*Dataset extract:*
▬▬▬▬▬▬▬▬▬▬
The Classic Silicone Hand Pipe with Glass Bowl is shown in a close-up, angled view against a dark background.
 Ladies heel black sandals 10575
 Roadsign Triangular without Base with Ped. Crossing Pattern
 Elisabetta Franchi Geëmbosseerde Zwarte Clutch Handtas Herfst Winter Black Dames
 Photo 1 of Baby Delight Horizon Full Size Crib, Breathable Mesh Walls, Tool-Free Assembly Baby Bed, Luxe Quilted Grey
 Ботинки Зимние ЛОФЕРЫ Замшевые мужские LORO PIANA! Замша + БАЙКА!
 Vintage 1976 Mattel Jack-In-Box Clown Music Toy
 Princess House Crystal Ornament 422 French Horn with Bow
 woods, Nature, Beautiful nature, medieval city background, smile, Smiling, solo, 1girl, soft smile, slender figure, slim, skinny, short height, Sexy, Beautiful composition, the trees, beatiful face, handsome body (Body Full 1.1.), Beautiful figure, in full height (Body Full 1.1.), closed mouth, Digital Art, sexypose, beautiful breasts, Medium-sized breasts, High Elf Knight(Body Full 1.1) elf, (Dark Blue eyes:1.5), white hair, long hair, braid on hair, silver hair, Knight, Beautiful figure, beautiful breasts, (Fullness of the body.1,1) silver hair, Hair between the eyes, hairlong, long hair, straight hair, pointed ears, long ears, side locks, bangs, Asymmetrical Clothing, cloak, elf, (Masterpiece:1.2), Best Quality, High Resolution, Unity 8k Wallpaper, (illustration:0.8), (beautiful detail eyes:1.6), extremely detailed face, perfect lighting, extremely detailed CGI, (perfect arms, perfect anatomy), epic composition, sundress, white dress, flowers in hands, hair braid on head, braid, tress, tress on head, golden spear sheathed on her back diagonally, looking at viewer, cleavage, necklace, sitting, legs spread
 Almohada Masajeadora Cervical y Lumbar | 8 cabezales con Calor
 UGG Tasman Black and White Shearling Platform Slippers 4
▬▬▬▬▬▬▬▬▬▬
*Task description:* Print the records again, exactly as they stand above.

*Exercise result:*
The Classic Silicone Hand Pipe with Glass Bowl is shown in a close-up, angled view against a dark background.
 Ladies heel black sandals 10575
 Roadsign Triangular without Base with Ped. Crossing Pattern
 Elisabetta Franchi Geëmbosseerde Zwarte Clutch Handtas Herfst Winter Black Dames
 Photo 1 of Baby Delight Horizon Full Size Crib, Breathable Mesh Walls, Tool-Free Assembly Baby Bed, Luxe Quilted Grey
 Ботинки Зимние ЛОФЕРЫ Замшевые мужские LORO PIANA! Замша + БАЙКА!
 Vintage 1976 Mattel Jack-In-Box Clown Music Toy
 Princess House Crystal Ornament 422 French Horn with Bow
 woods, Nature, Beautiful nature, medieval city background, smile, Smiling, solo, 1girl, soft smile, slender figure, slim, skinny, short height, Sexy, Beautiful composition, the trees, beatiful face, handsome body (Body Full 1.1.), Beautiful figure, in full height (Body Full 1.1.), closed mouth, Digital Art, sexypose, beautiful breasts, Medium-sized breasts, High Elf Knight(Body Full 1.1) elf, (Dark Blue eyes:1.5), white hair, long hair, braid on hair, silver hair, Knight, Beautiful figure, beautiful breasts, (Fullness of the body.1,1) silver hair, Hair between the eyes, hairlong, long hair, straight hair, pointed ears, long ears, side locks, bangs, Asymmetrical Clothing, cloak, elf, (Masterpiece:1.2), Best Quality, High Resolution, Unity 8k Wallpaper, (illustration:0.8), (beautiful detail eyes:1.6), extremely detailed face, perfect lighting, extremely detailed CGI, (perfect arms, perfect anatomy), epic composition, sundress, white dress, flowers in hands, hair braid on head, braid, tress, tress on head, golden spear sheathed on her back diagonally, looking at viewer, cleavage, necklace, sitting, legs spread
 Almohada Masajeadora Cervical y Lumbar | 8 cabezales con Calor
 UGG Tasman Black and White Shearling Platform Slippers 4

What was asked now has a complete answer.